== What this task involves ==
Would you please copy all of the data exactly, skipping the images?
Segment Start: Extracted information
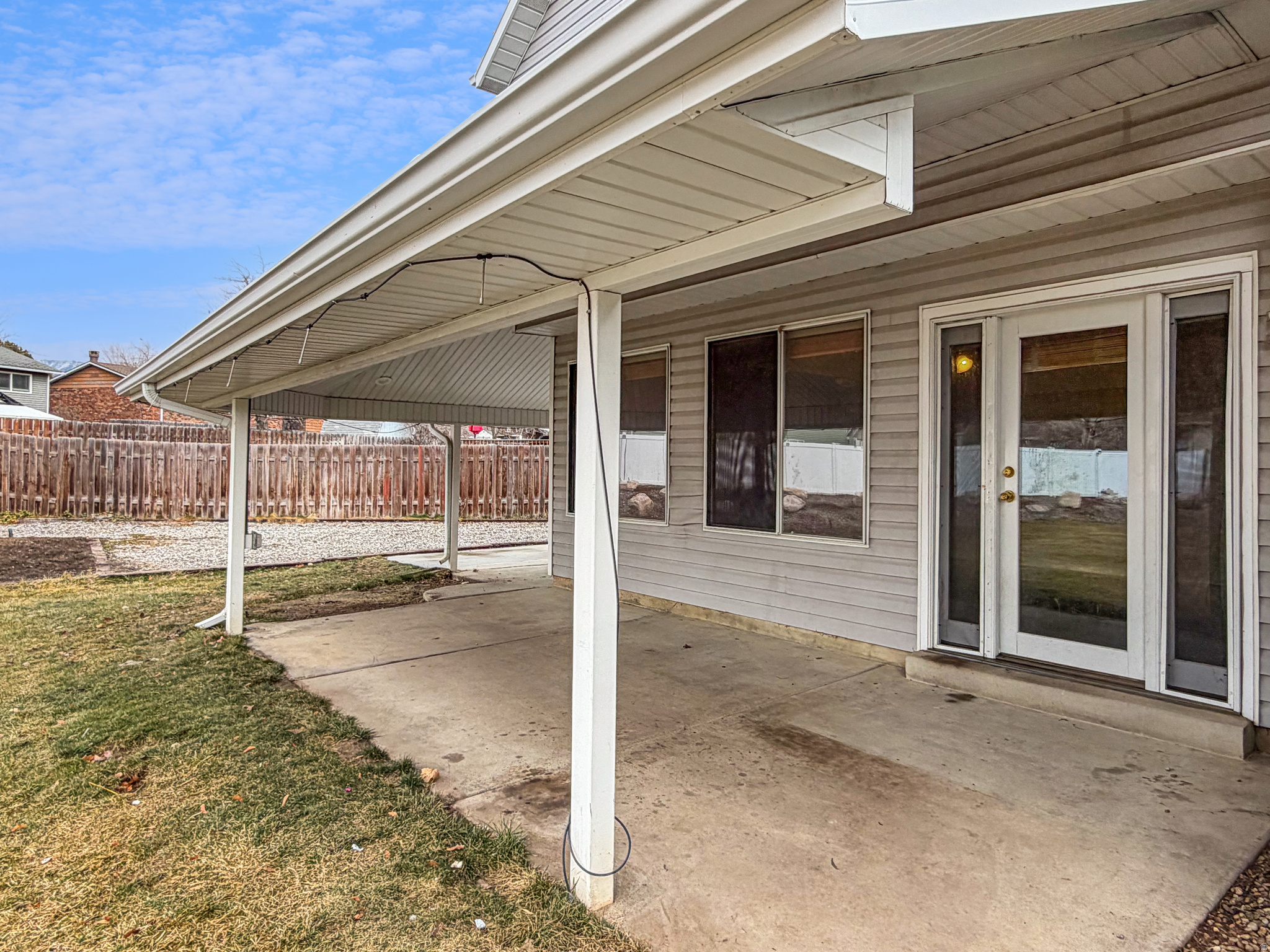 RAVENWOOD - Residential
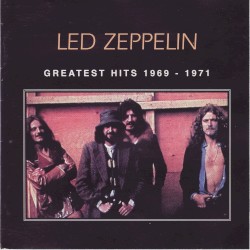 Greatest Hits 1969–1971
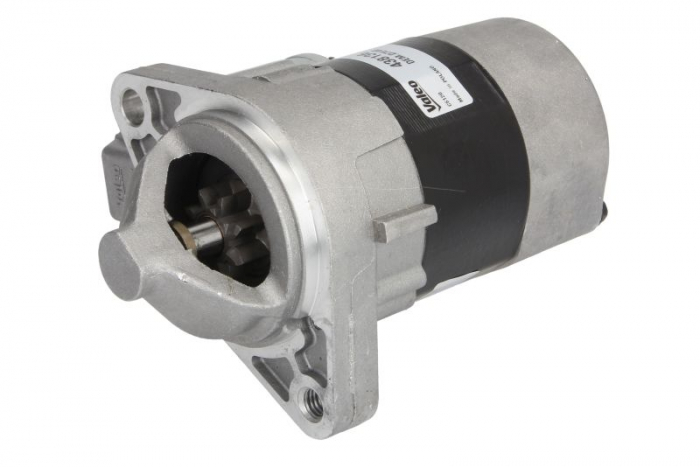 Electromotor (12V, 0,7kW) potrivit NISSAN MICRA C+C III, MICRA II, MICRA III, NOTE 1.0 1.2 1.4 07.00-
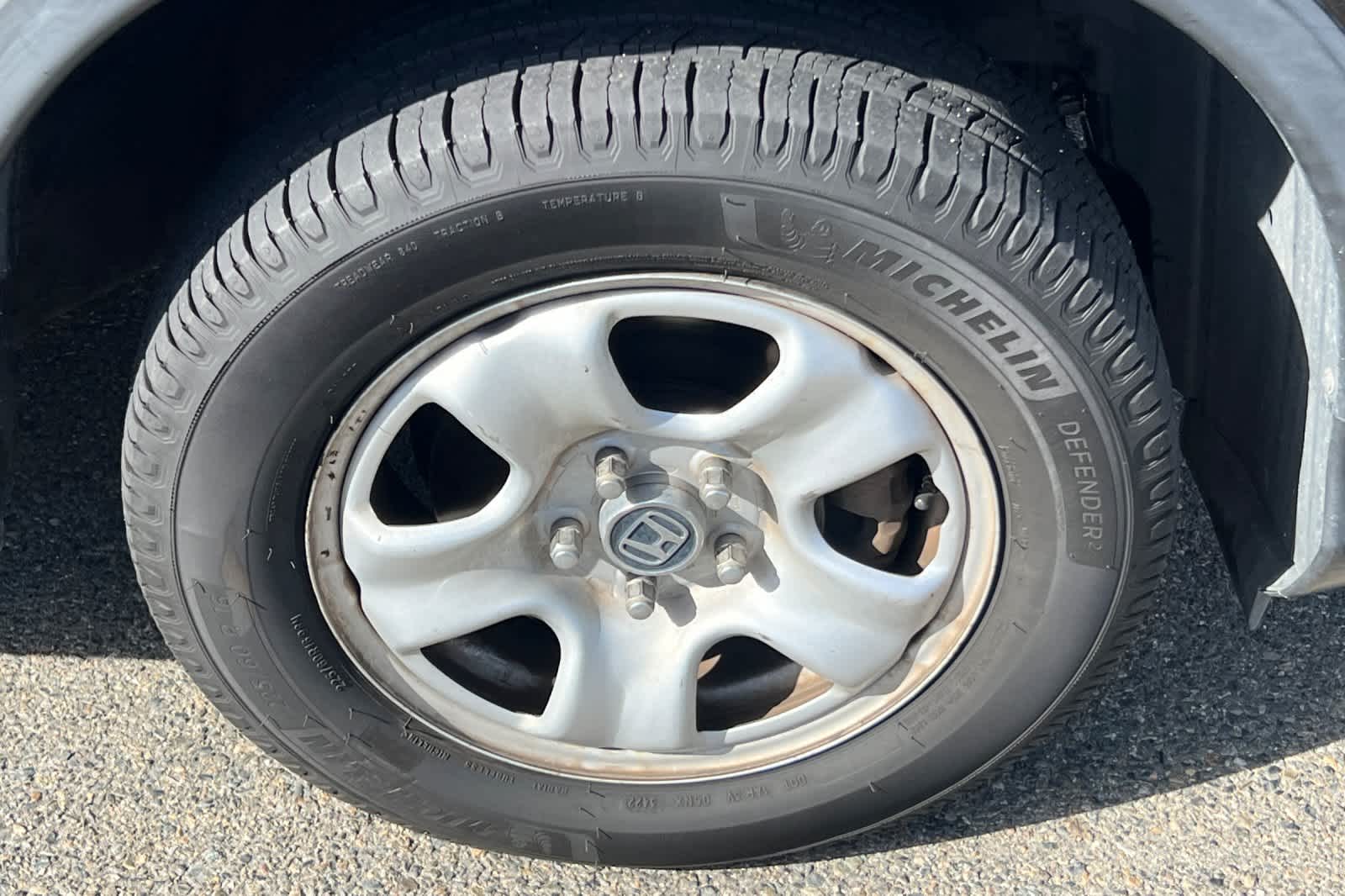 Thumbnail: 2013 Honda CR-V - 11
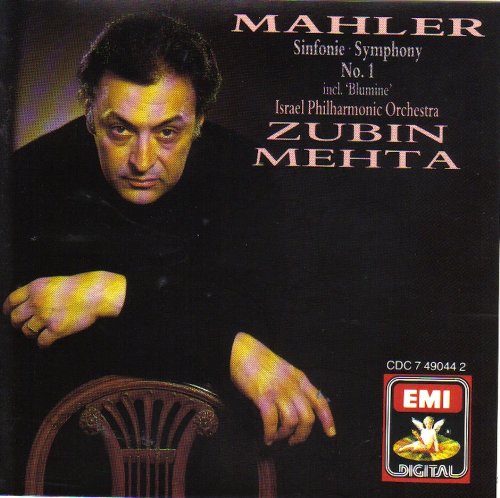 Symphony No. 1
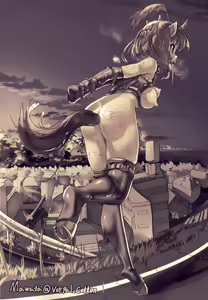 Page 1118 of 真綿 - pixiv - preview thumbnail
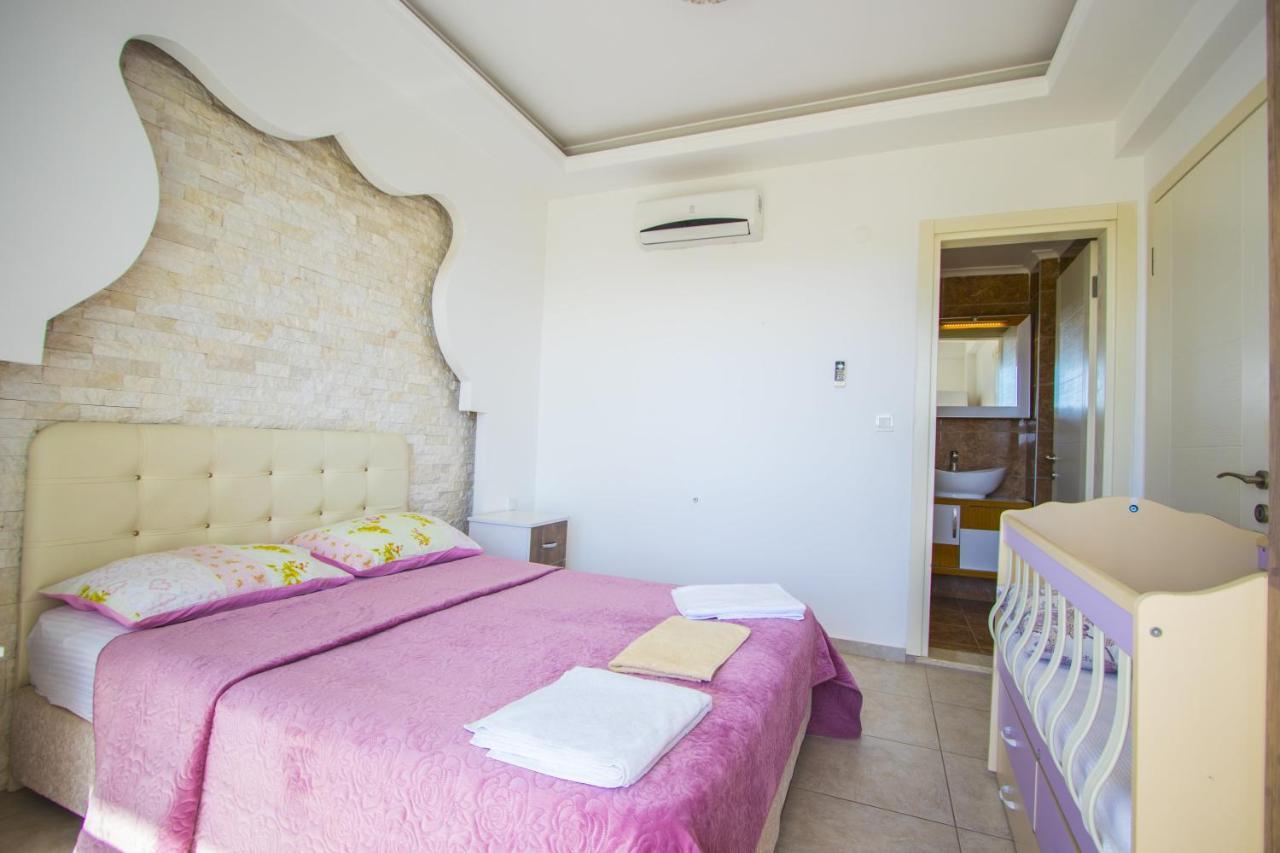 Zehra Villas Fethiye Exterior photo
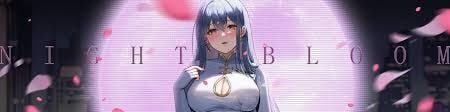 夜幕之花_Night Bloom 玩法展示 演示图 4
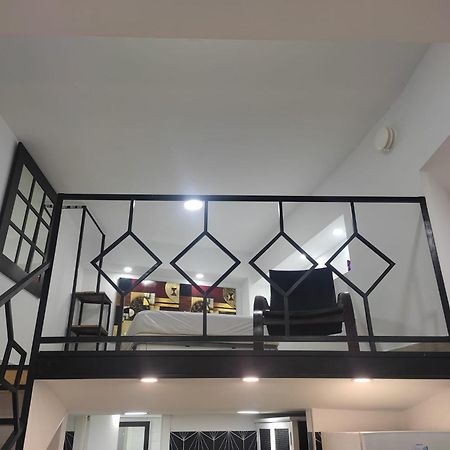 Loft Con Encanto Puerto De 발렌시아 외부 사진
Segment End: Extracted information
== Task solution ==
 RAVENWOOD - Residential
 Greatest Hits 1969–1971
 Electromotor (12V, 0,7kW) potrivit NISSAN MICRA C+C III, MICRA II, MICRA III, NOTE 1.0 1.2 1.4 07.00-
 Thumbnail: 2013 Honda CR-V - 11
 Symphony No. 1
 Page 1118 of 真綿 - pixiv - preview thumbnail
 Zehra Villas Fethiye Exterior photo
 夜幕之花_Night Bloom 玩法展示 演示图 4
 Loft Con Encanto Puerto De 발렌시아 외부 사진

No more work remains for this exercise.